The lawsuit gives a rundown of the market share of the different companies across different cities which amount to 98 per cent overall but vary widely within different cities - it claims GrubHub has 66 per cent of the New York City market for example, while DoorDash has 65 per cent of San Francisco.
The lawsuit doesn’t directly accuse the companies of colluding together to set the market conditions but argues that they “conspired to willfully maintain and/or enhance its own monopoly power” in each market, in part through pricing and in part by “monopolizing the labor market for delivery persons.” Presumably any active collusion would be revealed during discovery if the lawsuit is approved as a class action.
It also claims that the delivery apps take between 13.5 and 40 per cent of revenues, while restaurants take 3-9 per cent. “Defendants’ fees are shocking when one considers how little value Defendants provide to restaurants and consumers,” the lawsuit argues.
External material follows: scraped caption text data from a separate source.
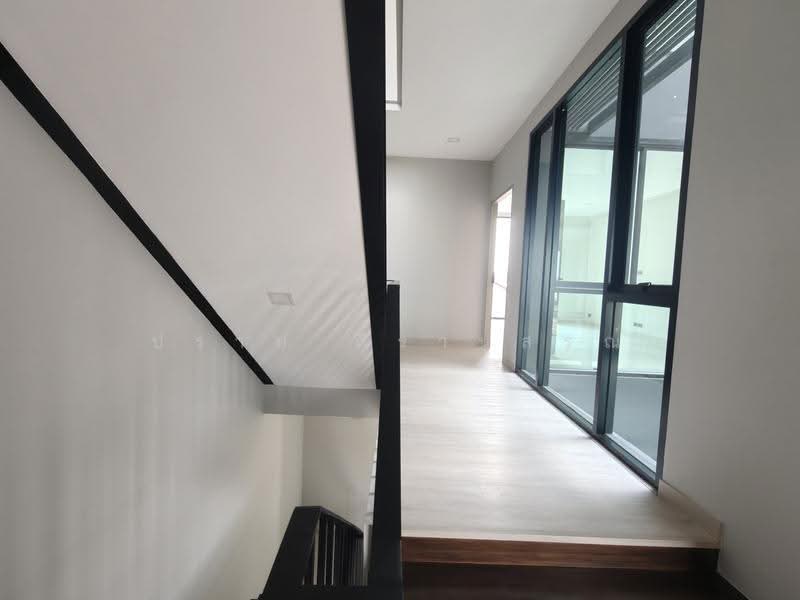 Chok Chai 4, Bangkok, Lat Phrao, Bangkok, 9 Bedrooms, 700 sqm, Townhouse For Sale, by Praab Thiranusorn, 500618074 - DDproperty.com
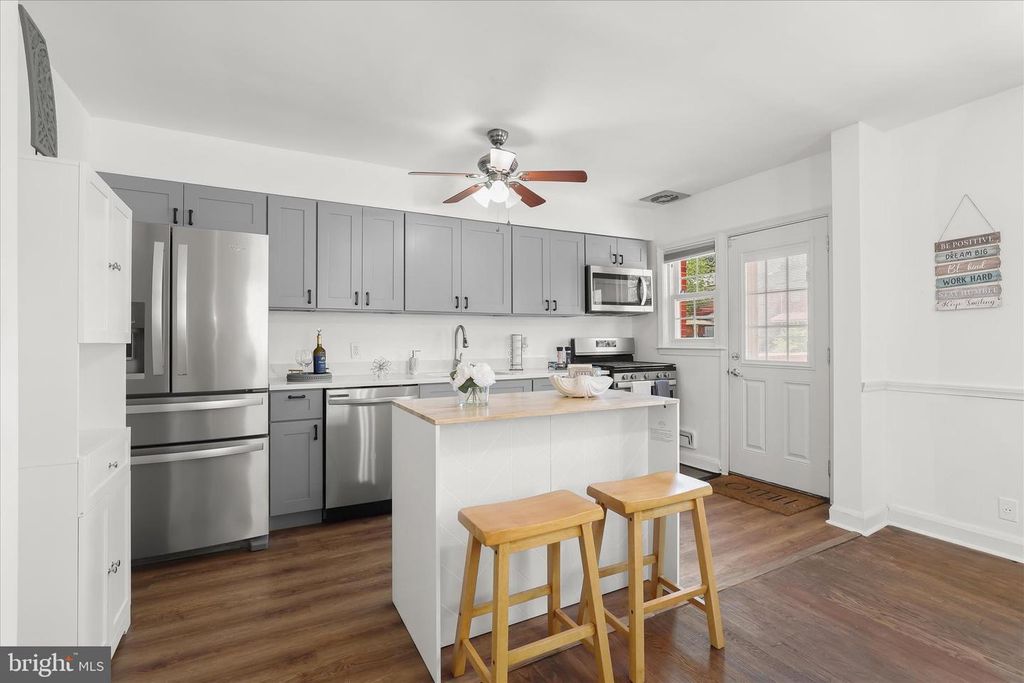 Image 15 of property listing at 6022 LOCH RAVEN BLVD, Baltimore, MD 21239
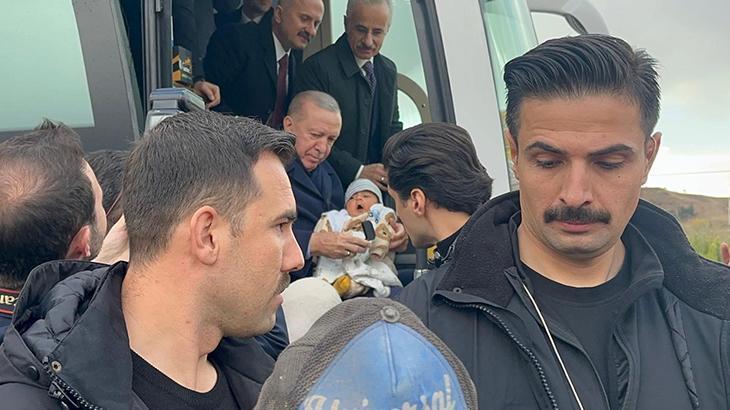 Cumhurbaşkanı Erdoğan konvoyu durdurup 4 aylık bebeği sevdi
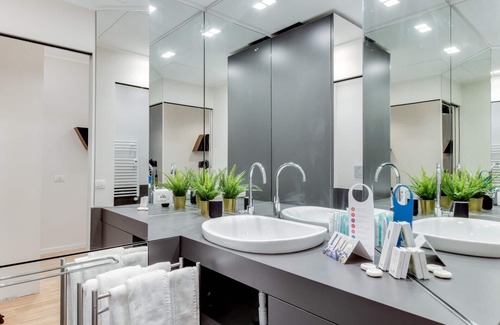 Porta Lodovica Apartment | Sweett | San Gottardo II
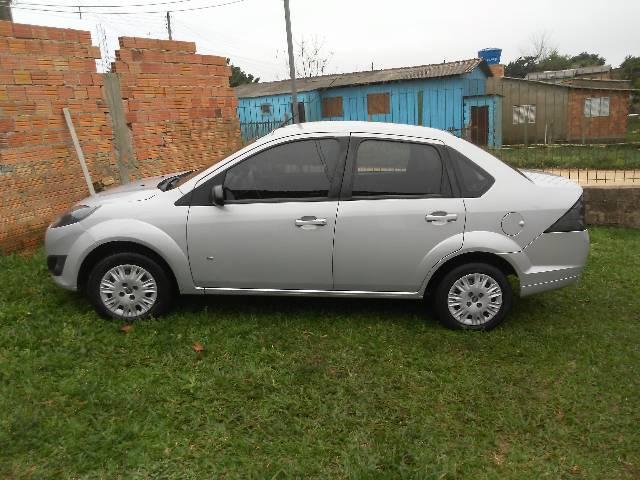 Fiesta Sedan - Foto 2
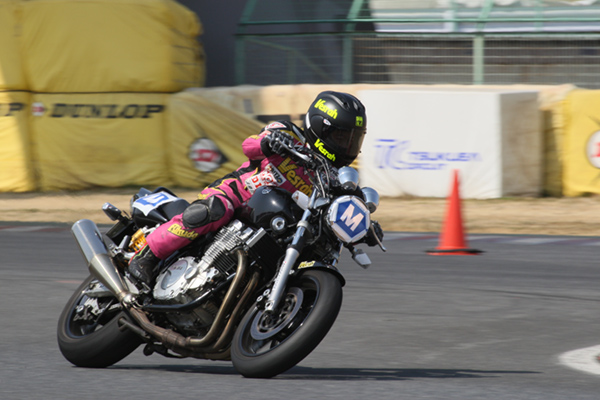 2りんかん 2022年3月11日開催 筑波サーキット コース2000体験走行会 レポート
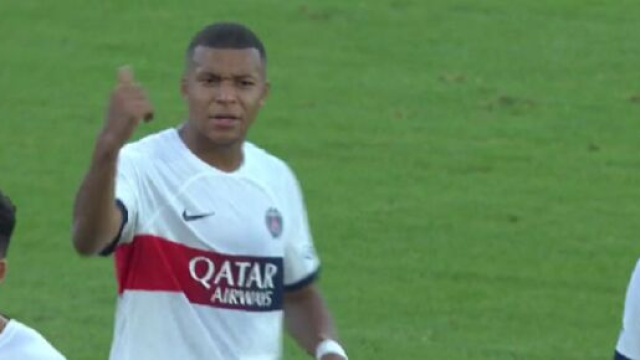 Kylian Mbapp&eacute; demande aux joueurs du PSG de saluer les fans (capture Twitter @ActuFoot_)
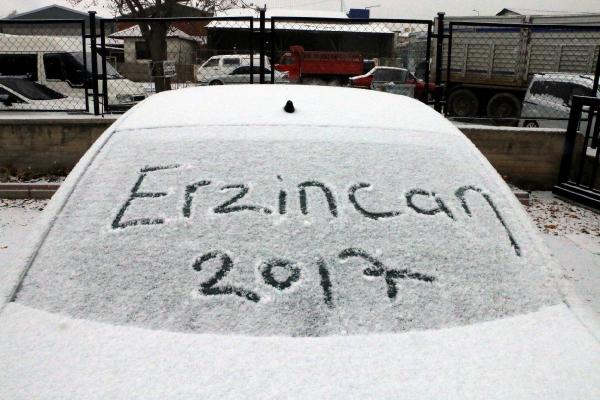 Erzincan beyaza büründü...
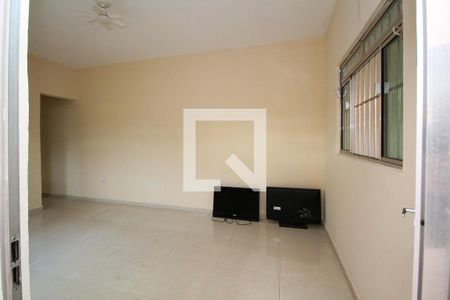 Entrada de casa para alugar com 4 quartos, 250m² em Bairro do Maranhao, Cotia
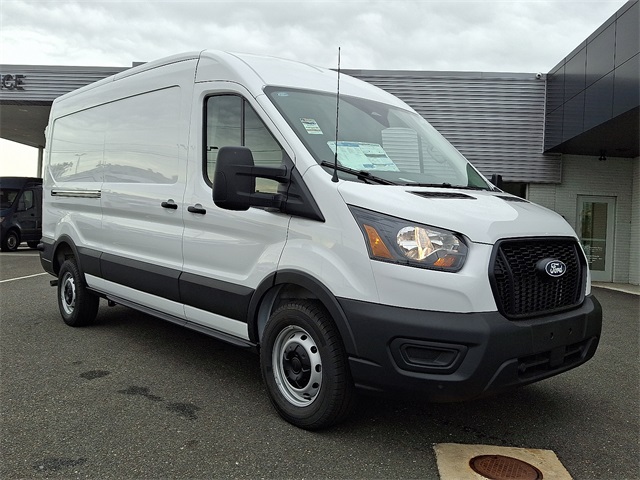 2026 Ford Transit photo 2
By obliging restaurants to charge the same for online and offline ordering, there is no cheaper option, providing the margins for delivery companies to cover costs and make a profit. This lawsuit may test whether that approach is legal: it claims that it effectively restricts competition by making it impossible for other companies to break into the market or doing things differently.

COVID

The issue is, of course, of heightened importance given the impact of the coronavirus that has forced the closure of restaurants to the public to limit its spread. The lawsuit notes: “Most recently, the Covid-19 pandemic has annihilated the Dine-in Market, as the quarantines advocated by local, state, and federal government officials categorically precludes participation in the Dine-in Market."
"In the next three months, 5 to 7 million servers, cooks, dishwashers, managers and others in the meal and beverage industry are expected to be laid off according to the National Restaurant Association. The industry as a whole is expected to take a $225 billion loss over that time.” ®
Asked about the situation and the risk of supply lines being cut or narrowed at a press conference on Tuesday, President Trump reassured the nation by noting: “We’re going to be very strong on food supply.”